YOUR ASSIGNMENT => Starting at the first line of the data, print each line verbatim up to and including the line bearing "#7 photo, 116", omitting pictures.

RECORDED DATA =>
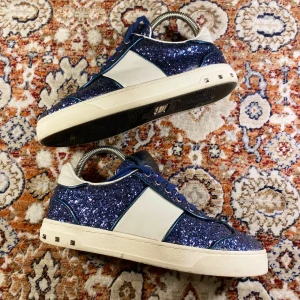 Valentino Flycrew Skor - Hej! Säljer nu mina skor från märket Valentino , storlek 37, mycket bra skick, tveka inte på att höra av dig om du har frågor eller funderingar kring skorna!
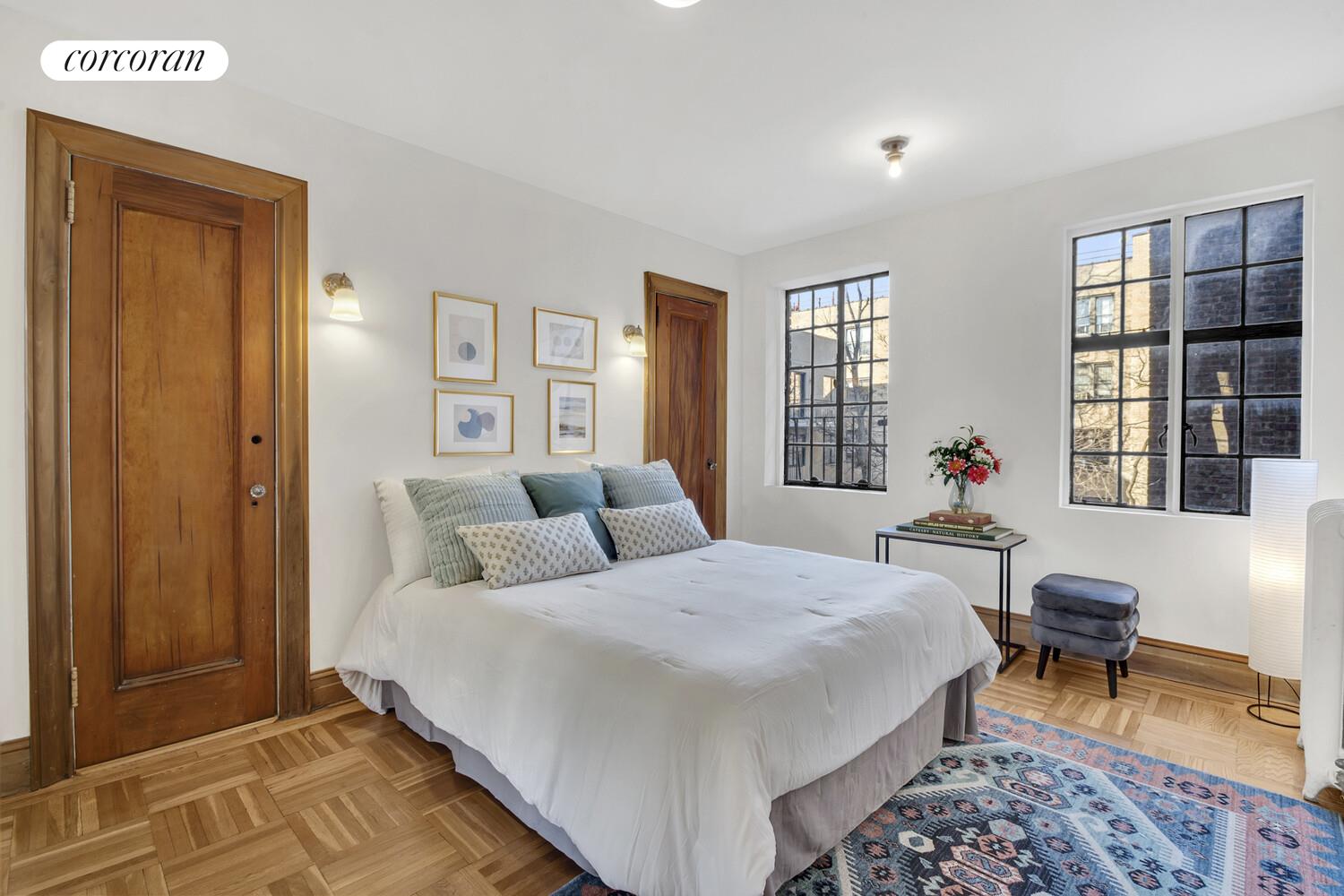 #7 photo, 116 PINEHURST Avenue, मैनहटन Hudson Heights , NY 10033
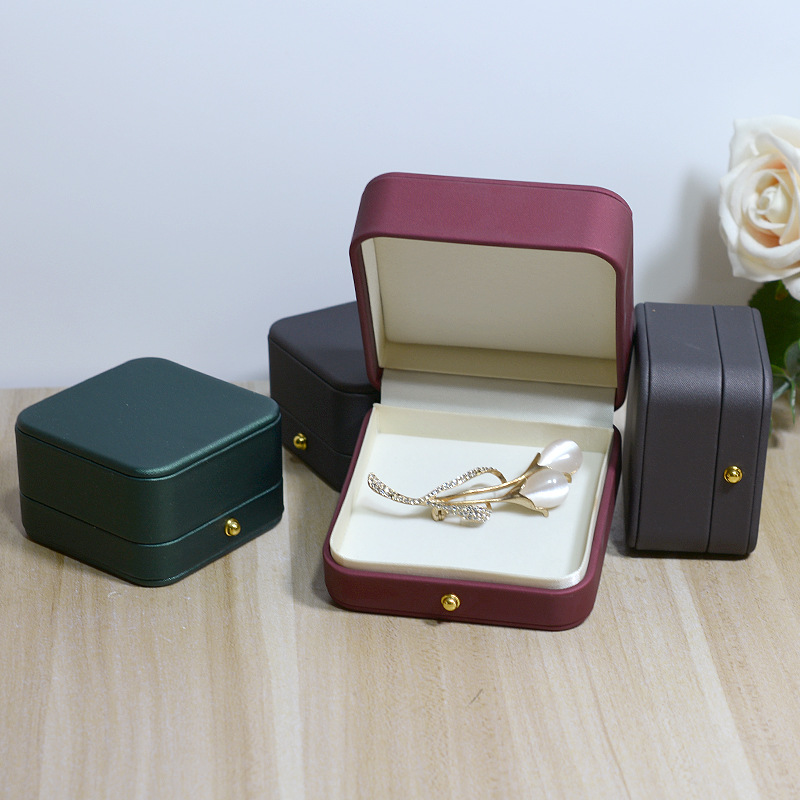 Caja de broche de botón de oro Caja de medallas Caja de embalaje de joyas Caja de anillo ancho Caja de insignia puede imprimirse en pequeñas cantidades Logo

RESPONSE BELOW =>
 Valentino Flycrew Skor - Hej! Säljer nu mina skor från märket Valentino , storlek 37, mycket bra skick, tveka inte på att höra av dig om du har frågor eller funderingar kring skorna!
 #7 photo, 116 PINEHURST Avenue, मैनहटन Hudson Heights , NY 10033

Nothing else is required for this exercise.